Yelken Kulübü olarak biz, denize spor, rekreasyon ve yaşam alanı olarak bakıyoruz; bir fosseptik veya çöplük olarak değil.
Türkiye’nin en eski kollektörlerinden biri 1960’ların başında Sinop’a yapılmıştı. Kentin İç Limana (güney limanına) dökülen tüm kanalları doğal akışlı bir kollektörle toplanmakta, plajların bulunduğu Bahçeler Semti tarafından ise bazı terfi istasyonları yardımıyla Şehir Kulübü’nün arkasındaki depoda toplanıp Cumhuriyet İlkokulu’nun kuzeyindeki kalelerin arasından “Arka Deniz”e deşarj edilmektedir. Bodrum ve Marmaris gibi Türkiye’nin önde gelen turistik merkezlerinde bile kollektörlerin yapımı ancak son 10 yıl içinde geçekleştirilebilmiştir. Belediye tarafından, ana terfi istasyonu, tasarruf amacıyla yılda yalnızca 2,5-3 ay çalıştırılmaktadır. Çalıştırılmadığı dönemlerde ise kanalizasyon suları tahliye kanalları ile İç Liman’a boşaltılmaktadır.
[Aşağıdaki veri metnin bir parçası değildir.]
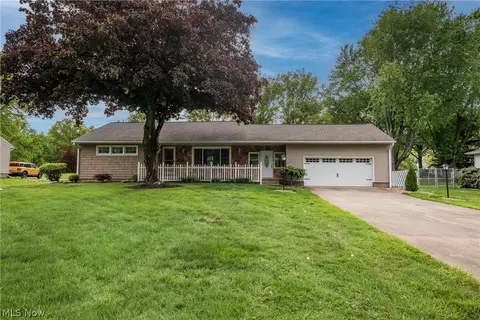 3963 New Milford Rd, Rootstown, OH 44272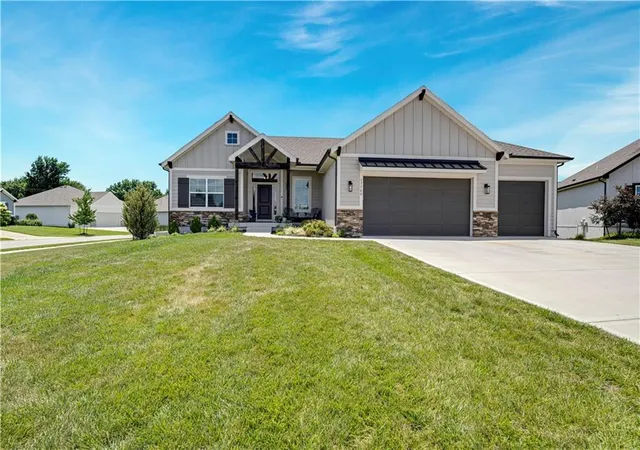 Photo 1 of Sale Pending at 17766 S Myrna Dr, Olathe, KS 66062 | MLS# 2629339 | Listing updated on 2026-10-17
Turizm sezonunun ortasında, bazı terfi istasyonlarındaki arızalar veya elektrik kesintisi nedeniyle plajlara dahi deşarj yapılabilmektedir (Mobil Sitesi, Kumsal Tesisi, Yuvam Tesisi yakınındaki terfi istasyonunda olduğu gibi). Kanalizasyon sularının, Arka Deniz’e de dökülmeyecek şekilde kollektörlerle toplanıp, Çukurbağ tarafında yapılacak bir biyolojik arıtma sistemiyle arıtılması ve % 95-97 arıtma düzeyiyle, filitraj ve klorlama işleminden sonra, yazın ciddi susuzluk çekilen kentimizde bahçe sulama suyu olarak verilmesi mümkündür. Hiç olmazsa şimdilik yaz kış demeden sistemi sürekli çalıştırarak iç limana kanalizasyon akışı engellenebilir. Sporcularımız, tüm yıl boyu denizdeki çalışmalarına devam etmektedir. Kütüphane’nin hemen doğu tarafındaki ve Belediye Konservatuvarı’nın önündeki kanaldan denize verilen kanalizasyon suları, ciddi kirlilik yaratmakta ve sporcularımızın sağlığını tehdit etmektedir. Kanalizasyon sularının, ilerde denize arıtılarak deşarjı, Karadeniz'in kirlilik sorununun çözümünde küçük bir katkı olacaktır.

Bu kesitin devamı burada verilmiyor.